This is the best news. It’s one thing for AI to assist, it’s another to replace. Fuck em
Agreed. There’s a difference between using AI to assist workers and using it to replace them outright
If it was actually AI (or good) it’d be different.
I’m ashamed of millennial gamers for not forcing the terminology to be VI. Did we learn nothing from Mass Effect?
It’s a marketing thing. Calling LLM’s “AI” was a very intentional move, to evoke that sense of hyperintelligence. Whether it’s truly an artifical intelligence up for debate, but calling them AI absolutely helped them gain attention (good and bad).
Also, obligatory “shut up Avina”.
It’s actually quite amusing to me that Wikipedia is an authority on “reliability”. It makes perfect sense, but can you imagine explaining that to a public school teacher twenty years ago?
Try explaining anything to a public school teacher lol. They always think they know better.
They’re not an authority though. They might want to be but they’re not.
January 2023, Futurism brought widespread attention to the issue and discovered that the articles were full of plagiarism and mistakes. […] After the revelation, CNET management paused the experiment, but the reputational damage had already been done.
So the “AI experiment” is not active anymore. But the damage is already done.

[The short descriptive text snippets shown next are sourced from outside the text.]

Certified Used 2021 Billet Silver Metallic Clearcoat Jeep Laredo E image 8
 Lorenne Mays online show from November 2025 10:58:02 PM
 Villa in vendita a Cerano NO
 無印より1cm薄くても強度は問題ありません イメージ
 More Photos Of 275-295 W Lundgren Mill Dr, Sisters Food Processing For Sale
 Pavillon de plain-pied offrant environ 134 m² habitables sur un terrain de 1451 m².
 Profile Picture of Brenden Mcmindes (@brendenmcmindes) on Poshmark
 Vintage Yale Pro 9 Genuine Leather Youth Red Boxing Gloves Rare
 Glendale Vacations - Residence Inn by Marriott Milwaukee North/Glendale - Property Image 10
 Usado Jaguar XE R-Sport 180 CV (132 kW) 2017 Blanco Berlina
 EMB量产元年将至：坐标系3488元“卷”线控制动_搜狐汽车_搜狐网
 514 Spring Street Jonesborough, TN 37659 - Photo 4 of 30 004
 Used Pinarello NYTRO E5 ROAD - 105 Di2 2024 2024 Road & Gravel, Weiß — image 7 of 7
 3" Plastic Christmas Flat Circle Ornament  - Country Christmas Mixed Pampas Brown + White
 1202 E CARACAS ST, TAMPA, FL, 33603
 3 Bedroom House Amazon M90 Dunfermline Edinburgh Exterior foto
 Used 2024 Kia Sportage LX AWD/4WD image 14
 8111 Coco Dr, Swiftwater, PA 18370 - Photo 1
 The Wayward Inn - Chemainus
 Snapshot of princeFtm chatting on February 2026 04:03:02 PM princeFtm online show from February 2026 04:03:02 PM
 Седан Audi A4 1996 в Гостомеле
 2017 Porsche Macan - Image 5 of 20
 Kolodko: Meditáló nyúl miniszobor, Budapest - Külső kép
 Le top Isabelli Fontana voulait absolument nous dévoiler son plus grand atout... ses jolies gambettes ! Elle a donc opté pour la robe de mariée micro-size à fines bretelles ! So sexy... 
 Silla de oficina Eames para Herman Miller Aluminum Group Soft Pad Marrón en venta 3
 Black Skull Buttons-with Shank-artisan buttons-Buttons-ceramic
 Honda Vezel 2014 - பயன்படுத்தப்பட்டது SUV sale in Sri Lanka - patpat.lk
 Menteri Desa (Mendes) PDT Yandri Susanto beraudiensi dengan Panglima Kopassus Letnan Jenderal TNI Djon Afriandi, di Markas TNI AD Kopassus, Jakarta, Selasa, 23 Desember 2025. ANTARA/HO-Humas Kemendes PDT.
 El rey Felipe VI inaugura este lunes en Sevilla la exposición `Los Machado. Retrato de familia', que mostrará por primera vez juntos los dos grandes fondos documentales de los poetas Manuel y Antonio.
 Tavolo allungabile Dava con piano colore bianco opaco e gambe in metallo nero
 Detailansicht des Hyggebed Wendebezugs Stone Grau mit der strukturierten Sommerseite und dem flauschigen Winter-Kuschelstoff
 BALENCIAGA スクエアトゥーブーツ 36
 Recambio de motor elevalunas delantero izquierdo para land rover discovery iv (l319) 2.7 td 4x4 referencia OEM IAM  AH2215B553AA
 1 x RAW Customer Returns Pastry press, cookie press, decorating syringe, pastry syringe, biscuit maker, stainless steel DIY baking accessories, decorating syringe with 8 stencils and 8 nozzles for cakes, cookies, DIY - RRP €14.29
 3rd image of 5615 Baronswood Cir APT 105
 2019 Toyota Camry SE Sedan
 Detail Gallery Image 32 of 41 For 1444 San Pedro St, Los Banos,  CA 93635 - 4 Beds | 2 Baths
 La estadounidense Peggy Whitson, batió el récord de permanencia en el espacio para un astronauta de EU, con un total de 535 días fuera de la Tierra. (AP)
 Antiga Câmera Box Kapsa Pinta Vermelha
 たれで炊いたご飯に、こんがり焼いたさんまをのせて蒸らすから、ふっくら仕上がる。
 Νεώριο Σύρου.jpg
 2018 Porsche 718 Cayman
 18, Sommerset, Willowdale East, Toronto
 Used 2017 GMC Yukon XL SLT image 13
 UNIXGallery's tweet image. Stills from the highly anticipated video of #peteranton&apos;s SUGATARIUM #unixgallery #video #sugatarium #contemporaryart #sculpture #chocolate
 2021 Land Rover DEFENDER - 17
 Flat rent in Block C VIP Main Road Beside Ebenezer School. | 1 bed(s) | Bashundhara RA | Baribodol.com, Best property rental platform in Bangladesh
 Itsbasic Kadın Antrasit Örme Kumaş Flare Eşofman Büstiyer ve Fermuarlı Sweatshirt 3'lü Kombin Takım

It was also new to me that Wikipedia puts time-based reliability qualifiers on sources. It makes sense of course. And this example shows how a source can be good and reliable in the past, but not anymore - and differentiating that is important and necessary.
Honestly they should just create a new category called AI generated. Reliability in journalism should only be for humans.
CNET began publishing articles written by an AI model under the byline “CNET Money Staff”.
(emphasis mine)
What a label. I assume that “byline” was their “article author”? “Money Staff”. Baffling.